Андрей невольно взглянул туда, за Кончанскую сторону — с чердака хаты и вправду хорошо были видны луковицы-купола саковичского храма, но отсюда их не разглядел. Снова обвел глазами широкое холмистое молчаливое поле, припорошенное невидимыми радионуклидами. Нашел бы он сейчас тот клочок земли, куда с отцом возил навоз? Наверное, нет. То поле было дополнительным — при немцах колхозное поле поделили заново. Бывшие колхозники усердствовали на своих делянках. Вспомнились слова Столыпина: нельзя любить чужое, как свое. А большевики и верный их прислужник Андрей Сахута семьдесят лет с гаком стремились переломить, победить извечный инстинкт человека. Не в этом ли одна из причин краха социализма в его колыбели? Где он достиг довольно высокого развития, глубоко укоренился ценой миллионных жертв. Ценой целых рек пота и крови. А что было бы, если бы Столыпина не застрелили в Киевском театре? Может быть, и Ленин не пришел к власти. Не было бы Октябрьской революции, гражданской войны. Не было бы вражды двух систем. Может, и Гитлер не стал бы фюрером. Возможно, Октябрь поспособствовал зарождению фашизма. Значит, не было бы и войны с немцами. Не сгорели бы Хатыничи. И все четыре Андреевых брата могли бы жить. Могло бы и Чернобыля не быть, потому что от людей осведомленных Андрей слышал, что реактор взорвался не сам по себе. Об этом писал в «Правде» академик Легасов — его статья есть в досье, которое собирает бывший секретарь обкома. И еще подумалось: может, если б не горлопан Ельцин, гэкачеписты победили бы, в Ново-Огареве заключили бы новый Союзный договор. И он, Сахута, сидел бы в своем кресле. Почему же все произошло так, как произошло? Может, некий высший разум управляет жизнью на Земле? Недаром люди верят в Бога.

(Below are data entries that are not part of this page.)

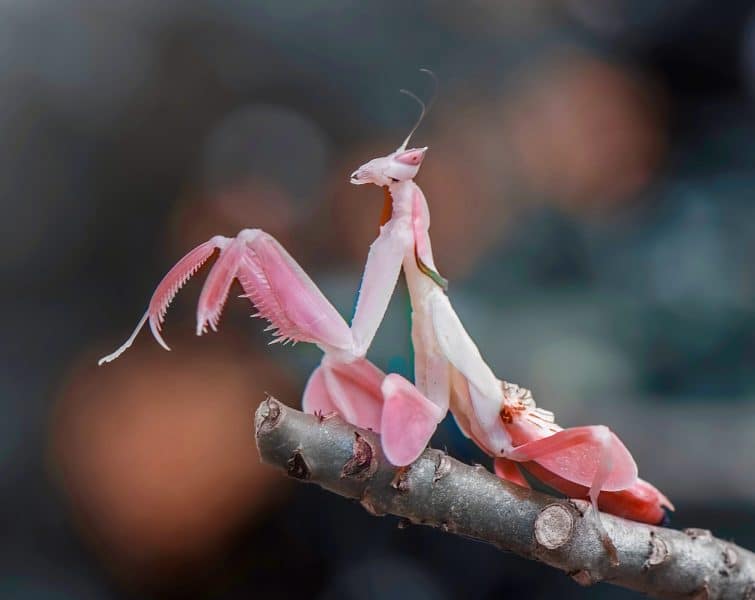 Orchid Mantis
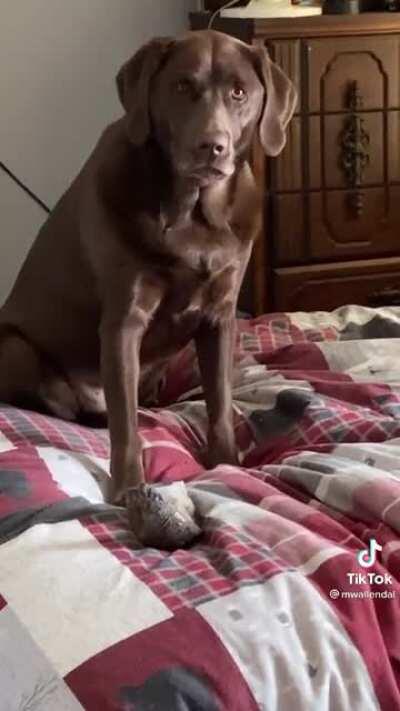 This lad is doing some excellent slammy whammies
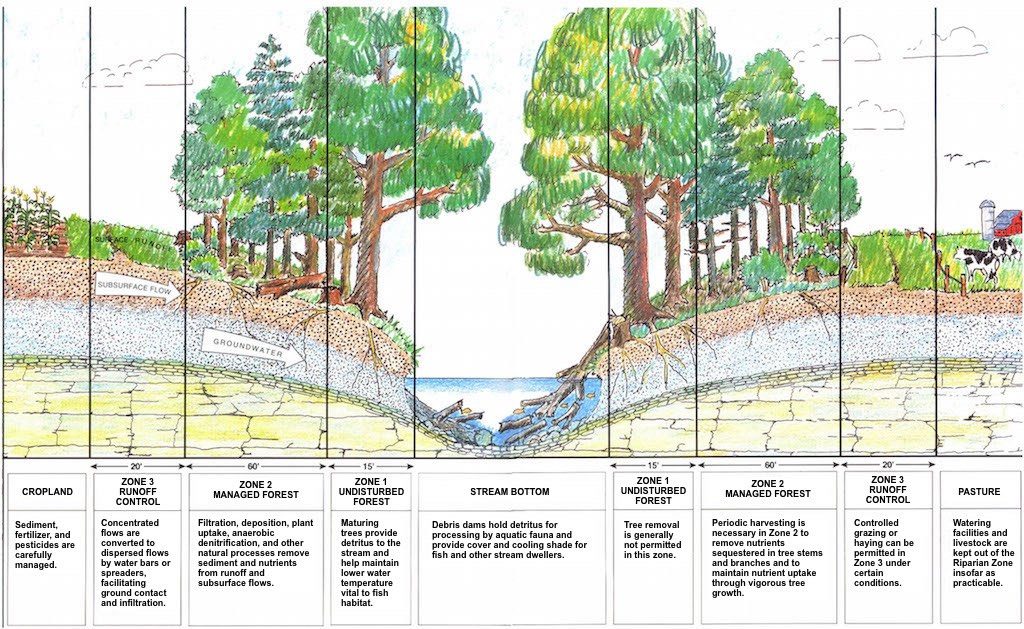 Zones within Riparian Areas Generating Both Positive and Negative Consequences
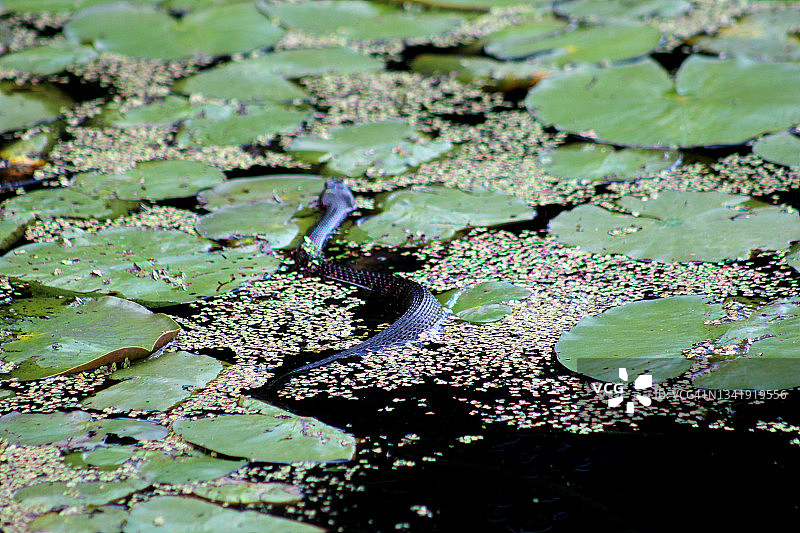 深藏的秘密图片素材
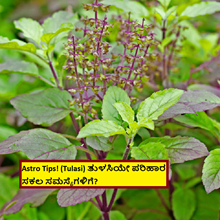 Astro Tips! (Tulasi) ತುಳಸಿಯೇ ಪರಿಹಾರ ಸಕಲ ಸಮಸ್ಯೆಗಳಿಗೆ?  Astro Tips! (Tulasi) ತುಳಸಿಯೇ ಪರಿಹಾರ ಸಕಲ ಸಮಸ್ಯೆಗಳಿಗೆ?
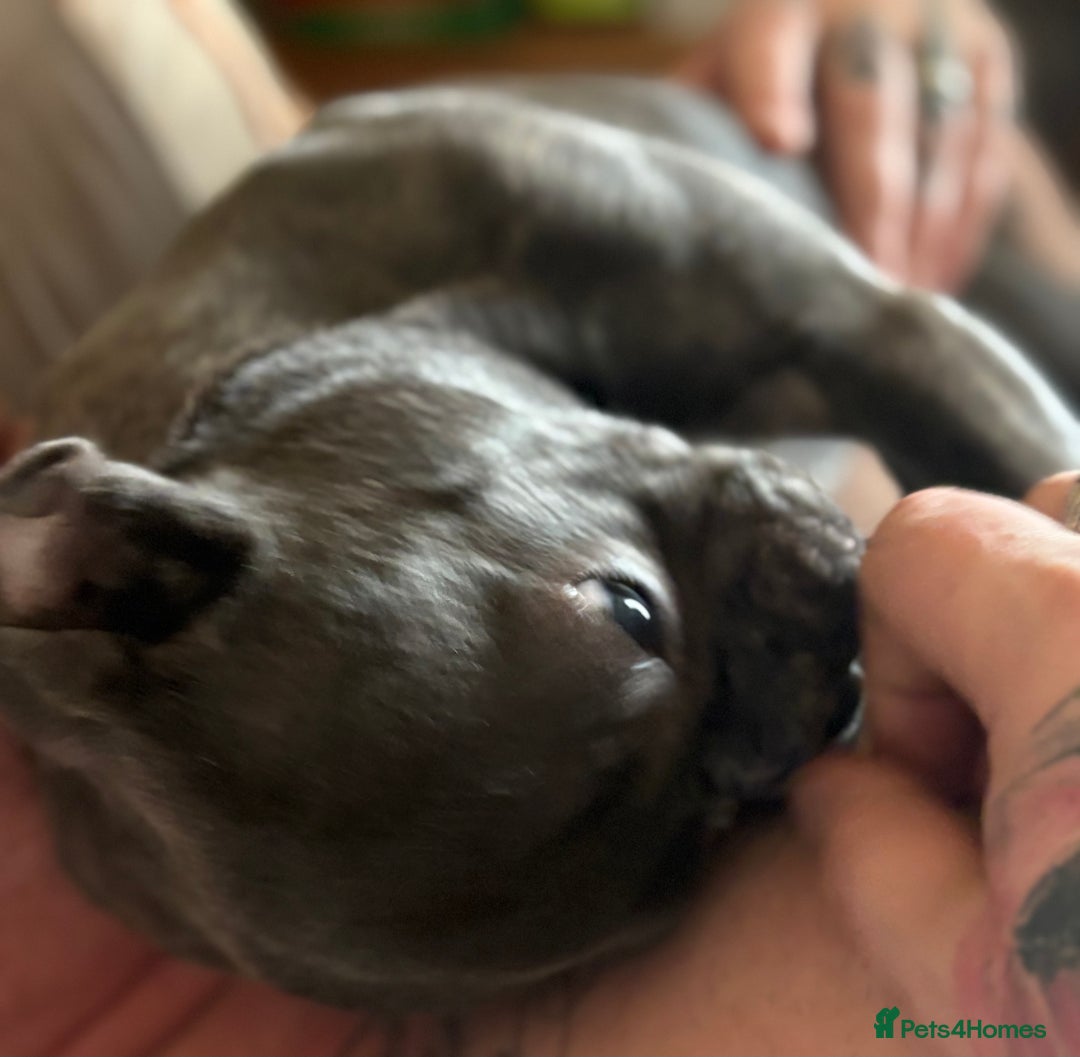 French Bulldog dogs for sale: Blue French bulldog bitch  - Advert 5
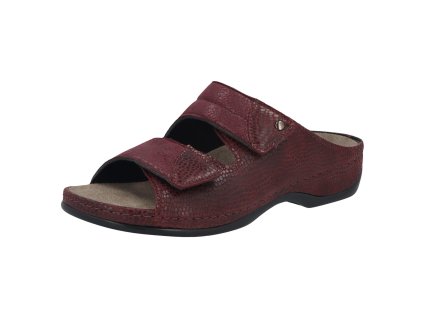 5 01021 00218 01 01 b80ec16644230634af25cfc03d0d3a0f 1920x1920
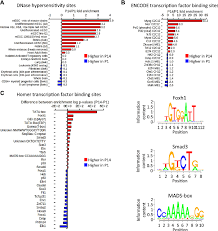 Analysis Of Differentially Methylated Regions For Enriched Dnase Download Scientific Diagram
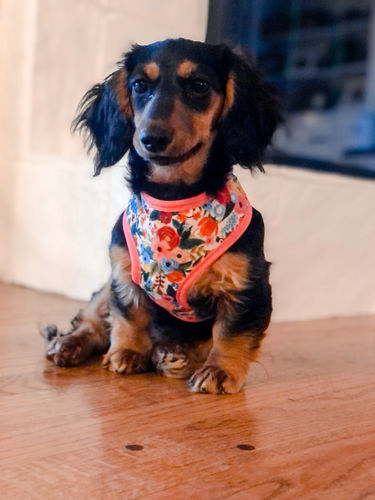 Customer photo review of Rifle paper co dog harness - Garden Party Cream petite prints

Будто вкопанный стоял Андрей возле выгона, по которому носился босоногим мальчишкой. Теперь присматривался к почерневшей некошеной траве, иссохшим стеблям тысячелистника, цепких кустов черной полыни. Ему показалось, что никогда раньше не докапывался так близко до разгадки тайн новейшей истории человечества. В обкомовском кабинете он много читал современных философов и социологов. Некоторых по долгу службы — чтобы знать, с кем бороться. А некоторых и по своему любопытству. Это была своего рода цепная реакция: одна книга тянула другую. Один прочитанный автор вел за руку другого. Удивил Александр Зиновьев, прежний диссидент. Когда первый секретарь райкома Сахута прочитал «Зияющие высоты», то очень злился на автора за его язвительность, наблюдательность. Философ-диссидент подрывал изнутри идеологические опоры социализма, насмехался над жизнью «заведующего города Ибанска и его жителей ибанцев». Может, как никто другой, он способствовал краху социализма. А теперь, когда увидел, что социалистический Ибанск падает, стал его подпирать своим плечом, кричать на весь мир, что социализм не исчерпал своего ресурса, что «подлость горбачевской перестройки» в том, что бывшие апологеты коммунизма сделались его рьяными оппонентами и критиками. Но его уже никто не слушал. Запад выплюнул, а Восток не хотел принимать. Принимал за оборотня и веры не давал.